Recording of a Jeepney:
This week I will delve more into the research data I have collected about José Macéda.
My research so far has led me to believe that in order to answer the question of how Manila, as a city, causally influenced Macéda’s “avant-gardism”, I should consider different broad categories or types of causal factors. These are, so far, Manila’s colonial history, political discourse, geographic location, intellectual atmosphere, technology, urban environment, and cultural values. All of these greatly overlap.

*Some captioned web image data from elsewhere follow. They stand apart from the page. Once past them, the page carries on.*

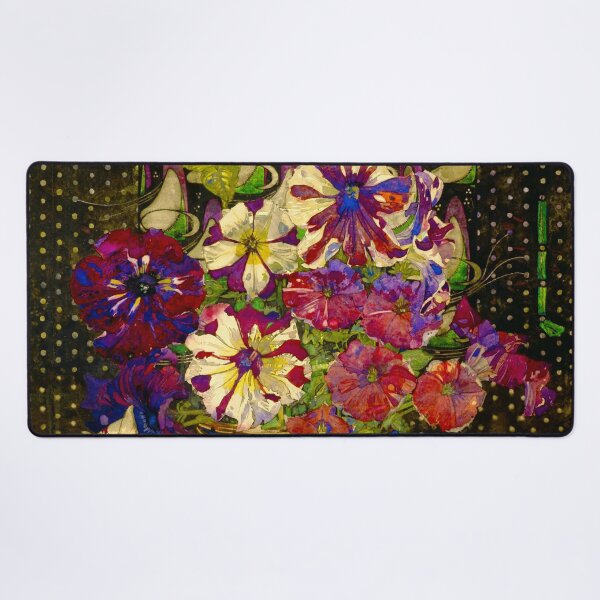 Item preview, Charles Rennie Mackintosh "Petunias" designed and sold by Alexandra Dahl.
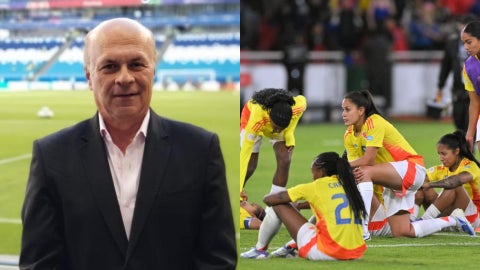 Carlos Antonio Vélez habló de las derrotas en las finales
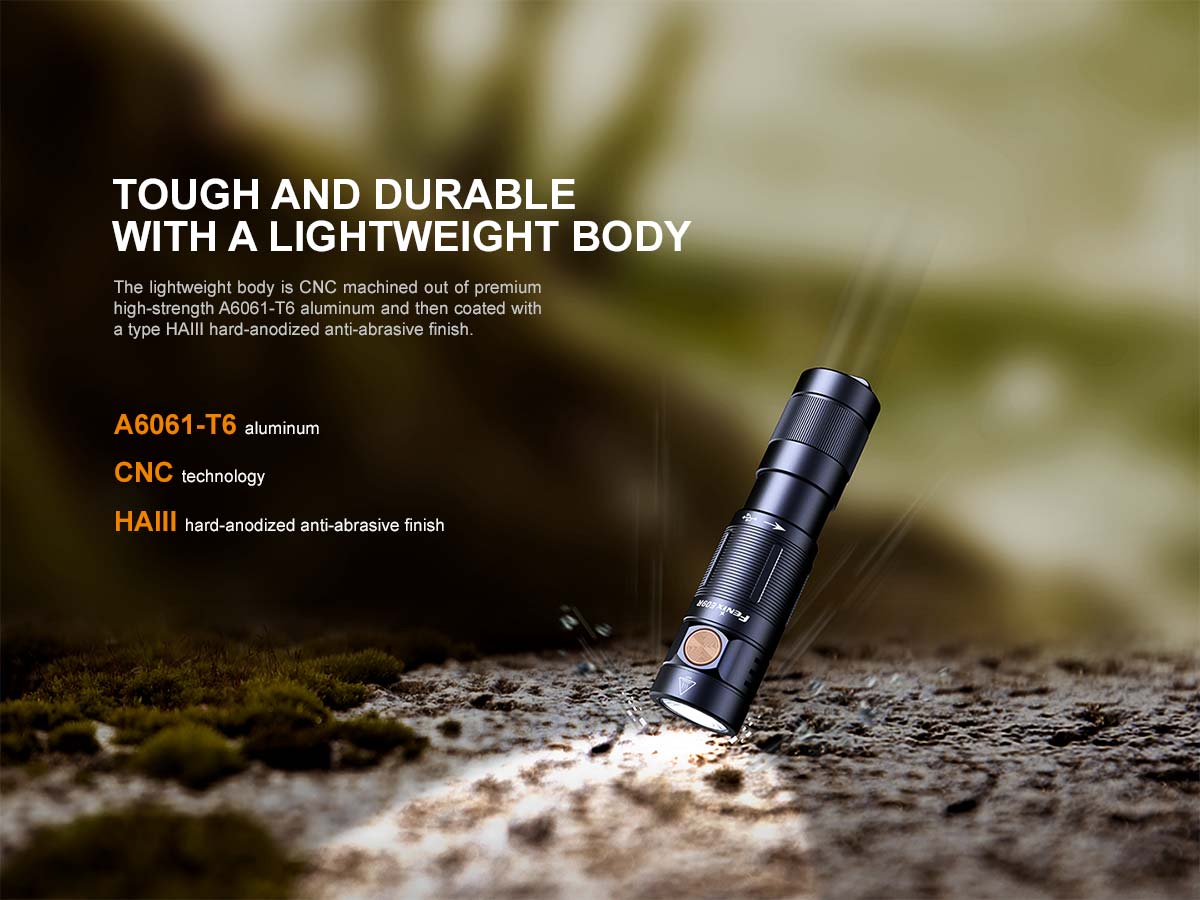 Fenix E09R Rechargeable EDC Flashlight 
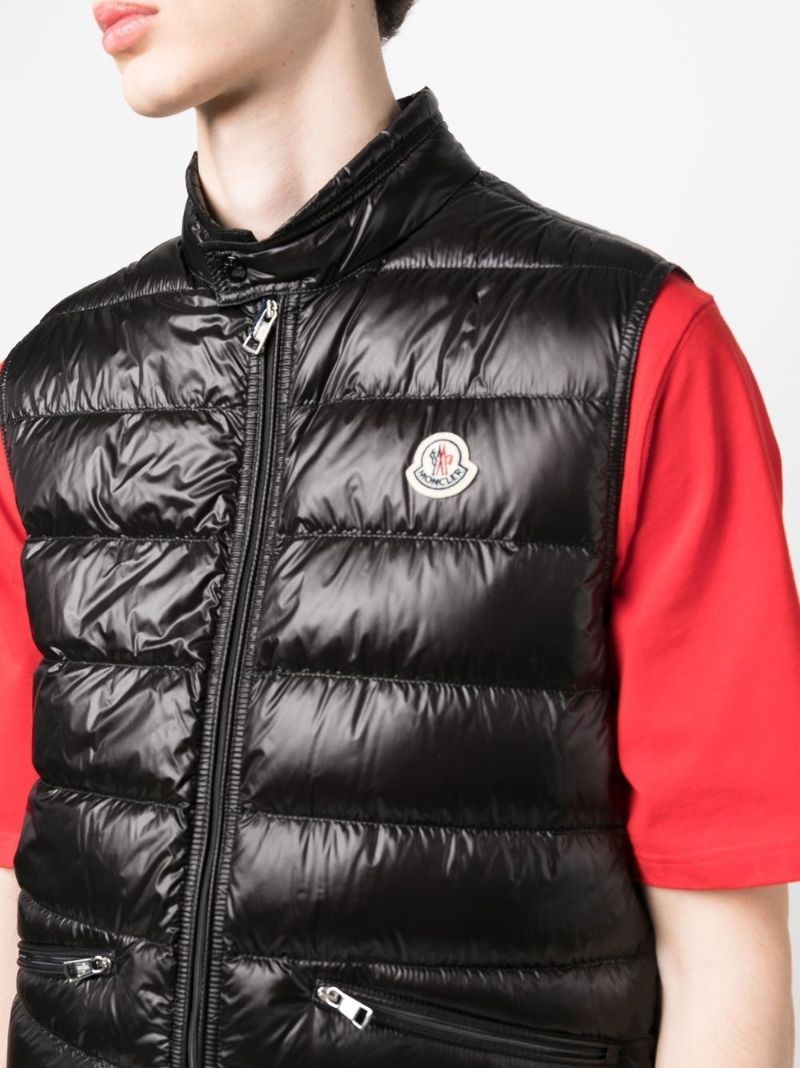 Black Gui Down Gilet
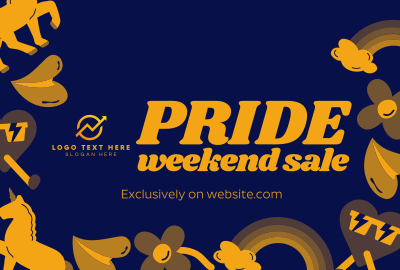 Bright Pride Sale Pinterest board cover Image Preview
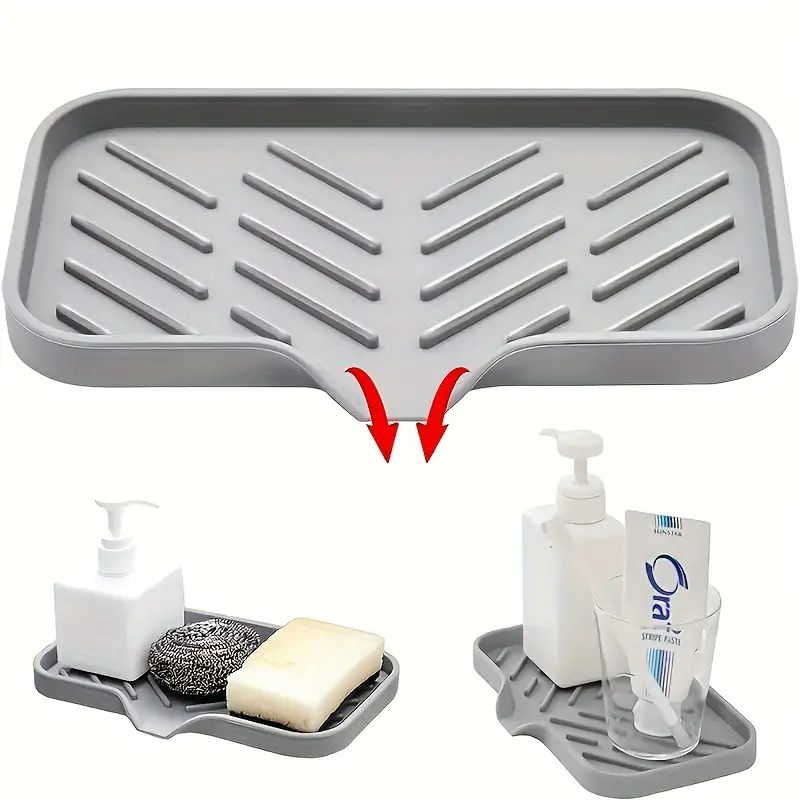 Tappetino in silicone per rubi - Silicone Tap Washer recensione e prezzo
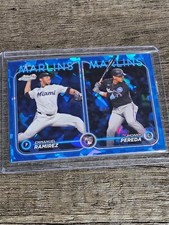 2024 Topps Chrome Update Sapphire #USCS185 Rookie Combos / Pereda/Ramirez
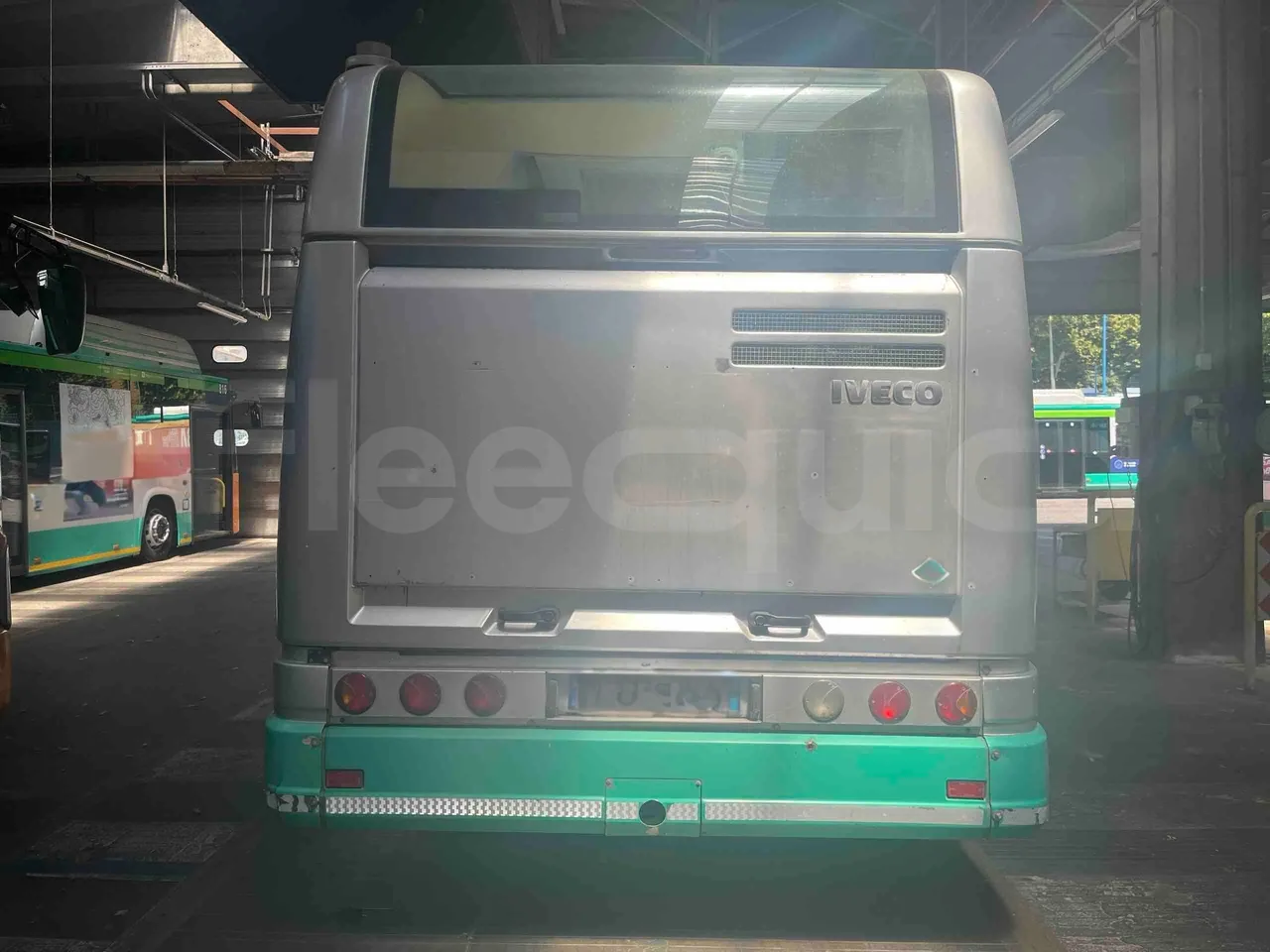 Iveco Citelis - rear hatch closed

But, Macéda himself saw in Southeast Asian indigenous life and music, opposition to a linear notion of logic and causality (Maceda 1986) – a “Western idiom” (defined in the next paragraph) of Greco-Roman origin. (This puts into question the nature of this field study itself).
It is an integral aspect of Macéda’s musical life that he was brought up wholly Western, socially subscribed and artistically trained under what he would later call the “Western idiom”. He defined Western idiom as: “harmony, counterpoint, orchestration, and other elements in the finished forms of European music” (Macéda 1955). He is not necessarily saying that these elements are exclusive to the Western culture, but rather there is something distinct in how European culture has treated sounds. And similarly for Eastern cultures.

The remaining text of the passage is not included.